Today I got my hair cut supershort because it's all been falling out. That's what it does when I'm in pain. It looks much fuller--like anyone else's--when it's short and very layered. The bald spots definitely don't show. My hair is very curly, so the shorter it is the more springy it is, easier to hide those bald spots. A lot of it had fallen out last fall, but I'd had a lot of new fuzzy growth that had been coming back in and made my hair a little wild--until that fell out again too with the surgery. Hair from pain loss isn't permanent. It can grow back in again.
I always get it cut short when it starts falling out. Why pull down the follicle with more weight? A lot of people don't like it this way, I can tell. They don't know why I make such changes. They don't realize how many decisions are made on the basis of a disability. What if it were because it's easier and it pains me to reach and my husband's no good at styling it? That's why a couple of women I know with disabilities go with shorter hair. Others stay with longer hair because it's part of their style and their individual trademark. I wish others would show some support.
I'm glad that I had a lot of hair to start with. My sister and others say they notice a difference but that people who didn't know me well wouldn't know. And now they definitely won't know.
I don't quite like it being supershort since I can't pull it back but I do like it looking as if I have adequate hair! My husband, who's been looking at the shower drain in horror, said if I lose more I can get a wig. Gack, that would be too hot and expensive.
I feel more confident this way. At times it's been severe enough in spots that I've been terribly embarrassed but mostly been able to hide it.

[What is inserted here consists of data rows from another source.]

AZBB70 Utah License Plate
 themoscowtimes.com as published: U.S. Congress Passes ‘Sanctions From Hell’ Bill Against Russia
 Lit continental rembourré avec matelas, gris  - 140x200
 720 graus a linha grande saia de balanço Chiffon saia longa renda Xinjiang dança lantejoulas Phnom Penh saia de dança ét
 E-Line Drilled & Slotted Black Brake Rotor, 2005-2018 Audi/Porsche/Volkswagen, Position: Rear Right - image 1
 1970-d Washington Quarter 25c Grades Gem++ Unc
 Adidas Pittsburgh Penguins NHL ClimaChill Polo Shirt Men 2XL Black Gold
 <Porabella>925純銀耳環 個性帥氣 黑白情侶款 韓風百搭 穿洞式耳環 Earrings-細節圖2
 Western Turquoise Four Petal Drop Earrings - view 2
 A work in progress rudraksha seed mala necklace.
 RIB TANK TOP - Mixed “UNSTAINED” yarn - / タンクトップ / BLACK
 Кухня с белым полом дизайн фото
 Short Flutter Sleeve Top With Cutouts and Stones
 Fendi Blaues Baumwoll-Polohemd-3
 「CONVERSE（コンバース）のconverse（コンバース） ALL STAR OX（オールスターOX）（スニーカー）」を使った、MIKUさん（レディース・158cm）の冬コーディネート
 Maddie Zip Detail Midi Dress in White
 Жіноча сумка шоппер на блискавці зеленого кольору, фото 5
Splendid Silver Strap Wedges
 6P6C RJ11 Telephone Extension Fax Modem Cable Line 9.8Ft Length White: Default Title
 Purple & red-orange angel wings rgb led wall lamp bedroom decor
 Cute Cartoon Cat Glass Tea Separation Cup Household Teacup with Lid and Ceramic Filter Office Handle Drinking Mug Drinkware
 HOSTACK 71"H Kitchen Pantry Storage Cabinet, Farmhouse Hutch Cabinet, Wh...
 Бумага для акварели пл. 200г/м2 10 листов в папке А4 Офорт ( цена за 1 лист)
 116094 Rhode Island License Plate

The arthritis pain after that hurricane-eye respite is back with a venegeance and I'm looking for something--anything--to help with it. I will try cherry juice concentrate and bromelain tablets and see if that cuts the edge off it at all (antiinflammatory effect), or I may go to the big gun pharmaceuticals. I've already been eating foods with more sulfur content (that's what's in Celebrex, which I'm allergic to). Can't deal when pain meds don't cut the pain enough. I have arthritis in the base of my left thumb now, and I've not been doing anything to overuse it and my knee and heel and hip and upper spine/shoulder hurt too, and this time it's both SI joints, not just the left one. What is it about late summer that always gives me these flares?
Since humor is the best medicine and I love funny movies and books, I looked for medical humor on Amazon. Other than Patch Adams, most of what I saw was a large imbalance with doctors writing of their experiences with patients. Browsing one of the books made me glad I didn't go to medical school--what horrors med students and doctors have to deal with in the ER! Really, truly trust me on this, don't go looking it up. Ick, ick, ick. I'm not talking run-of-the-mill GI or skin problems. What is okay to share is that one book has several sections on patients with Munchausen's, who had faked diabetes using their spouses' insulin, had implanted the bladder with small river rocks to replicate stones, had deflated their lungs with hypodermics, had injected themselves with bacteria, and had physically assaulted doctors in order to get narcotics. Why, for the love of God, why?? I can't see that anyone could anything out of it and what they do to themselves makes me cringe. Gaaah.
Weirder was the story of the older patient who, when wanting to order a hospital bed, was taken to the hospital and assigned to a bed there against his will and his protests ignored! ("Are there any hospital beds available for Mr. Jones?") I can see how this could happen since I've had something similar happen.
What I couldn't find are any medical humor books from a patient point of view.
Family's back from ice skating, got to go.